A notable milestone in our collaborations happened several years and numerous projects after delivering Sugar Beach, when Modelart was selected to produce a model for Madinat Jumeirah in Dubai. It is an authentically themed beachfront Hotel Resort overlooking the Burj Al Arab; comprising, two substantial ultra luxury hotels, a souque and many stand-alone villas linked by canals where guests are transported by Abra or water-taxi. A scale of at least 1: 250 was required to be able to give credibility to the intricate Arabic architectural detail. Typical of these projects, the model production process was frenetic, with all the focus on product quality and meeting the presentation deadline to MLD’s client; His Highness Sheikh Mohammed bin Rashid Al Maktoum, in Dubai.
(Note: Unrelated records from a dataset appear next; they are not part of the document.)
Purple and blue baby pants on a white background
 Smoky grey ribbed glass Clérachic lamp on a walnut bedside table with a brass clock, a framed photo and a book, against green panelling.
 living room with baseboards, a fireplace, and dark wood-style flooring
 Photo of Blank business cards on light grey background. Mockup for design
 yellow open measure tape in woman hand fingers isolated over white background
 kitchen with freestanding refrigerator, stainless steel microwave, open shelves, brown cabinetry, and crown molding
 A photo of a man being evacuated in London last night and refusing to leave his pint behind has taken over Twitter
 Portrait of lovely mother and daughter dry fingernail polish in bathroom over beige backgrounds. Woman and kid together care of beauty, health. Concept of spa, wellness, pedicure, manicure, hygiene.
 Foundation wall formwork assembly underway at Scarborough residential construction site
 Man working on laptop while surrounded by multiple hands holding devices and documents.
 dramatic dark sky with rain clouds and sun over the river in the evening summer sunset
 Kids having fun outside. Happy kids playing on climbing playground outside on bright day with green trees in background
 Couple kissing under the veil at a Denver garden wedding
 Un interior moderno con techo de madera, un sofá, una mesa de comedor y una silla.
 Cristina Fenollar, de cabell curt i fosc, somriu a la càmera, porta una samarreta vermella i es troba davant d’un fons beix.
The model measuring well over three meters in length and marginally shy of two meters in width was airfreighted and delivered to the recently completed Burj Al Arab Hotel, where I was met by Dick van Straaten and David Haysom of MLD. On first sight of the open crate on the floor of the receiving bay, it became apparent to all that we had a major problem with getting the model up to the 27th floor boardroom as per HH Sheikh Mohammed’s instruction. A quick deliberation on how to get an abnormally large object into an even smaller lift space than the models outer dimensions, left us with no option but to systematically dismantle the paneling in the elevator to enlarge its volume. After several attempts to manipulate the model into the tight space, with each iteration denuding the passenger compartment of increasing amounts of its protective shield, we finally managed to manoeuver it, end-up into the dark void above our heads. At least a third of it vanished invisibly into the blackness, adjacent where we imagined the hoisting cables connecting the lift structure to the winding gear to be. Naturally we needed to accompany the model on the way up to steady and reduce risk of anything going wrong! Fortunately for us, and the model, we were able to reduce the lifts speed from the standard 30km/h to walking pace. But, this did not eliminate that eerie imagining of the model striking an overhead structure mid shaft, causing the elevator floor to be thrust out from beneath our feet. The upward journey of just a few minutes was in complete silence and seemed endless. The overwhelming sense of relief when the doors opened, and that we were on the correct floor is indelibly etched in my memory.
It took all of the next day to set up the model and to assist the other consultants from different parts around the globe to set up their work in anticipation of Dene and the team’s presentation to H.H. Sheikh Mohammed the following morning. The final presentation now set up in this most spectacular venue overlooking the site where the project was to be built, was something to behold. After all the months of preparation, it was as though the stars had aligned for Dene as evidenced by his plucky mood when he approached me and asked if I would like to attend the presentation with the possibility of meeting HH in person. Absolutely, I retorted.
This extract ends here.